Tax compliance still a challenge in Kenya

Times Tower. KRA

Times Tower in Nairobi, the headquarters of Kenya Revenue Authority. The taxman should be more innovative to ensure that there is more government revenue.

Photo credit: File | Nation Media Group

What you need to know:

  • The taxman should be more innovative to ensure that there is more government revenue.
  • KRA’s digital mobilisation model may be commendable but its initiatives on data collection are modest. The agency’s technology, in its entirety, may not fix the problem.
  • There is a need for culture change at KRA. For instance, it is unfair for faithful taxpayers to be lumped together with tax evaders and, thus, treated so.

President William Ruto’s decision to tax every Kenyan from when they turn 18 may not be a feasible solution to the country’s reliance on multilateral debt.

The taxman should be more innovative to ensure that there is more government revenue.

The annual revenue collected by Kenya Revenue Authority (KRA) is mainly used to pay external debt, which has made it difficult to finance development projects to their completion and satisfactorily deliver services.

KRA’s digital mobilisation model may be commendable but its initiatives on data collection are modest.

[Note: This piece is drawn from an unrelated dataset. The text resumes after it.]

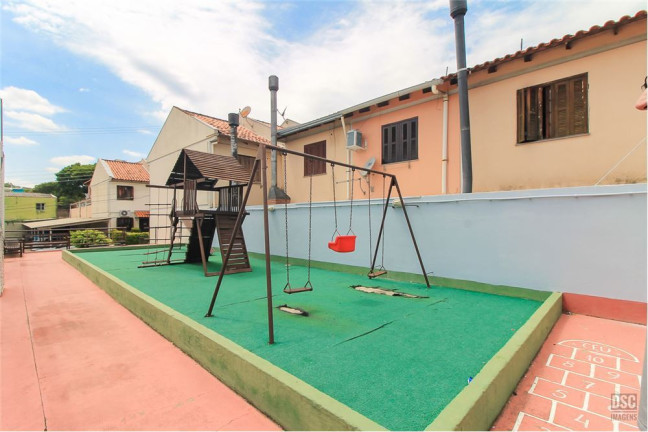 Imagem Casa com 2 Quartos à Venda,  em Vila Nova - Porto Alegre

The agency’s technology, in its entirety, may not fix the problem.

There is a need for culture change at KRA. For instance, it is unfair for faithful taxpayers to be lumped together with tax evaders and, thus, treated so.

The introduction of online payments and services as a result of advanced technology has also proved to be one of the numerous obstacles to tax compliance.

Telcos such as Safaricom pay huge amounts of taxes and duties to the government, thanks to their customer-friendly services. The government should adopt a people-centred tax system that will not hurt the businesses of common wananchi.

Inequalities

Developing countries such as Kenya have challenges in tax compliance due to the inequalities borne by the taxation system.

A World Bank report shows that the wealthiest people in the country pay 80 per cent of the tax due while the larger proportion of the population is not in the formal sector.

Over-reliance on taxing only the individuals who are on the payroll for their being easy prey is a big obstacle to revenue collection even after several tax reforms over the years.

Our complex tax policies give leeway to tax evasion, which explains the dip in revenue collection over the past decade. This, coupled with the corruption menace, becomes a set-back to increased amount the Exchequer collects.

There is a need for regulations to bring clarity to ambiguous tax provisions. That should be followed by government engagement with the taxpayer to ensure dialogue, which will facilitate synergy between the two in order to streamline the administration and collection of taxes.

There should be more involvement of taxpayers in the creation of policies, which will ensure that citizens do not view paying taxes as a burden but civic duty.

The high corporate tax also contributes to the low tax compliance, considering that there are engines of growth and create employment. Lowering tax rates for companies will attract investors and also bolster the economy.

The computerisation of KRA systems will help in designing a taxation system that can seal the loopholes that aid tax avoidance.